Is it needed to do one pass of depth buffer from the light position ?

If yes, an AABB is needed to be computed to have the distance to move the light position for the depth buffer pass ?

Basically camera depth buffer contain all visible shadow receivers. These are only samples that you need for correct shadows. So you want to take this information and use it for more optimal shadow bounds.

Yea that works good, but if a wall is behind the camera, the min max is so much tight you got problems, the shadow is cutted for example.

This is why I'm asking for a solution if one exist.

Yea that works good, but if a wall is behind the camera, the min max is so much tight you got problems, the shadow is cutted for example.

This is why I'm asking for a solution if one exist.

Stuff behind camera can't exist in depth buffer. What is the problem exactly?

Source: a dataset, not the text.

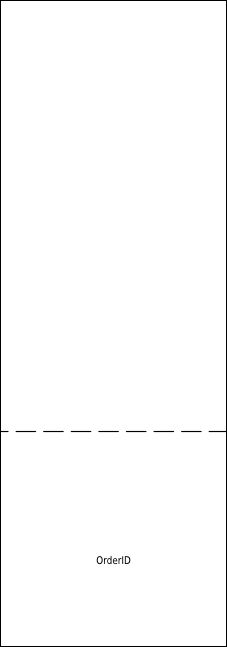 Galaxy Hip Hop Raffle Ticket Product Back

The bad shadow because the actor is behind the camera :

http://zupimages.net/up/15/15/bdpz.png

The good shadow because the camera is behind the actor :

http://zupimages.net/up/15/15/i48g.png

This only happens when your shadow casters are clipped, due to not lying within the Z extents of your shadow projection. The common way to fix this is to use "pancaking", where you force force outlying triangles to get rasterized with depth = 0.0. It can be done easily in the vertex shader by forcing the output Z component to be >= 0, or in D3D11 you can do it by creating a rasterizer state with "DepthClipEnable" set to "false".